6-1. Use the Waffle House data, data(WaffleDivorce), to find the total causal influence of number of Waffle Houses on divorce rate. Justify your model or models with a causal graph (draw a DAG).
## Leveraging the Waffle Divorce Data set.
data("WaffleDivorce")
str(WaffleDivorce)
## 'data.frame': 50 obs. of 13 variables:
## $ Location : Factor w/ 50 levels "Alabama","Alaska",..: 1 2 3 4 5 6 7 8 9 10 ...
## $ Loc : Factor w/ 50 levels "AK","AL","AR",..: 2 1 4 3 5 6 7 9 8 10 ...
## $ Population : num 4.78 0.71 6.33 2.92 37.25 ...
## $ MedianAgeMarriage: num 25.3 25.2 25.8 24.3 26.8 25.7 27.6 26.6 29.7 26.4 ...
## $ Marriage : num 20.2 26 20.3 26.4 19.1 23.5 17.1 23.1 17.7 17 ...
## $ Marriage.SE : num 1.27 2.93 0.98 1.7 0.39 1.24 1.06 2.89 2.53 0.58 ...
## $ Divorce : num 12.7 12.5 10.8 13.5 8 11.6 6.7 8.9 6.3 8.5 ...
## $ Divorce.SE : num 0.79 2.05 0.74 1.22 0.24 0.94 0.77 1.39 1.89 0.32 ...
## $ WaffleHouses : int 128 0 18 41 0 11 0 3 0 133 ...
## $ South : int 1 0 0 1 0 0 0 0 0 1 ...
## $ Slaves1860 : int 435080 0 0 111115 0 0 0 1798 0 61745 ...
## $ Population1860 : int 964201 0 0 435450 379994 34277 460147 112216 75080 140424 ...
## $ PropSlaves1860 : num 0.45 0 0 0.26 0 0 0 0.016 0 0.44 ...
# Standardization of the "Waffle Divorce" data for the determination of the total causal influence of number of Waffle Houses on divorce rate.
Data_Waffle <- WaffleDivorce %>%
as_tibble() %>%
select(divorce_rate = Divorce, married_rate = Marriage, married_age = MedianAgeMarriage,
waffle_houses = WaffleHouses, south = South) %>%
mutate(across(-south, standardize),
south = south + 1)
# Under the consideration and assumption that the median age of the individual's marriage or "married_age" has an influence on the individual's marriage rate as well as divorce rate.

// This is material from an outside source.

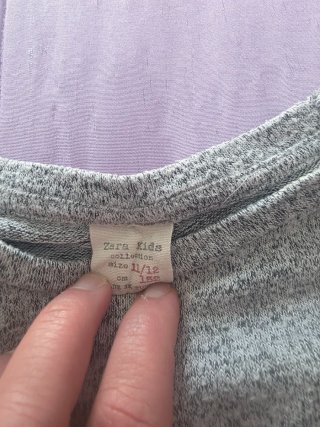 Sudadera con capucha y bloques de color Hay tres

## Determination of DAG modelfor the determination of the total causal influence of number of Waffle Houses on divorce rate.
tribble(
~ name, ~ x, ~y,
"south", 0, 2,
"married_rate", 2, 1,
"married_age", 1, 2,
"waffle_houses", 0, 0,
"divorce_rate", 1, 0,
) %>%
dagify(
divorce_rate ~ married_age + waffle_houses,
waffle_houses ~ south,
married_rate ~ married_age,
married_age ~ south,
coords = .) %>%
ggplot(aes(x = x, y = y, xend = xend, yend = yend)) +
geom_dag_node(colour = "blue", shape = 1, size = 24) +
geom_dag_text(aes(label = name), color = "black", size = 2.5) +
geom_dag_edges(edge_color = "black") +
labs(caption = "Total causal influence of number of Waffle Houses on Divorce rate") +
theme_void()
## Causal graph Model Inference:
# One of the backdoor path has been observed between Waffle_houses & divorce rate i.e. Waffle_houses <- south -> married_age -> divorce_rate, and the total causal influence of number of waffle houses would be the direct influence and backdoor path, however the backdoor path influence can be closed by the process of conditioning on south.

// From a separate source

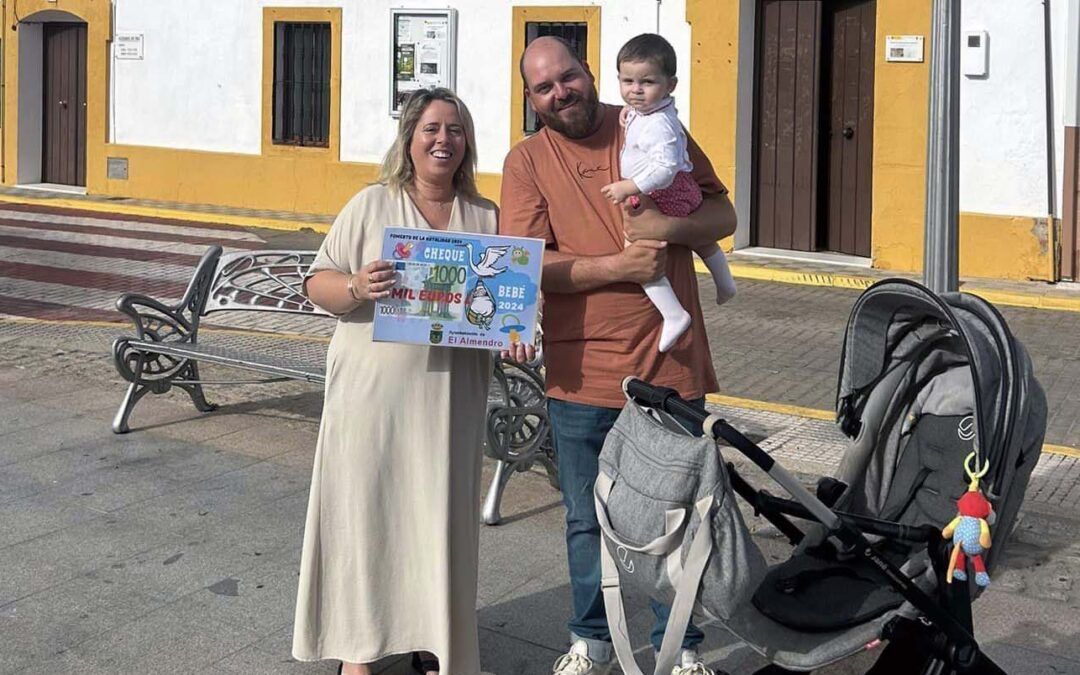 El Almendro entrega cheques-bebé para fomentar la natalidad y frenar la despoblación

6-2. Build a series of models to test the implied conditional independencies of the causal graph you used in the previous problem. If any of the tests fail, how do you think the graph needs to be amended? Does the graph need more or fewer arrows? Feel free to nominate variables that aren’t in the data.

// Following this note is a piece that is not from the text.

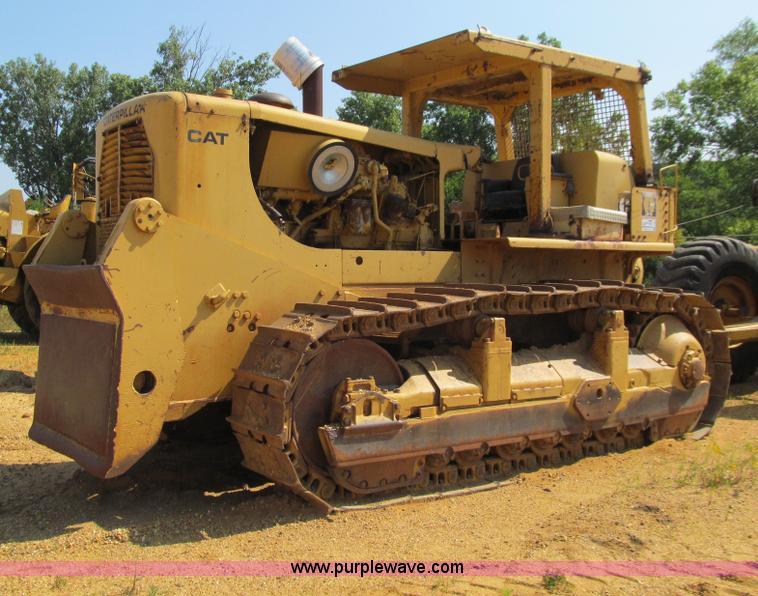 image for item E4964 1966 Caterpillar D9G dozer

## Determination of some of the models for the Test validation of the multiple implied conditional independencies of the prior causal graph.
dagitty("dag{
waffle_houses -> divorce_rate <- married_age <- south -> waffle_houses
<- south -> married_age -> married_rate}") %>%
impliedConditionalIndependencies()
## dvr_ _||_ mrrd_r | mrrd_g
## dvr_ _||_ soth | mrr_, wff_
## mrr_ _||_ wff_ | soth
## mrrd_r _||_ soth | mrrd_g
## mrr_ _||_ wff_ | soth
## mrrd_r _||_ wff_ | mrrd_g
## (Model:a): divorce_rate _||_ married_rate | married_age
## (Model :b): divorce_rate _||_ south | married_age, waffle_houses
## (Model :c): married_rate _||_ waffle_houses | south
## (Model :d): married_rate _||_ south | married_age
## (Model :e): married_rate _||_ waffle_houses | married_age
## Determination of the indepence test validation function for the multiple implied conditional independencies validations.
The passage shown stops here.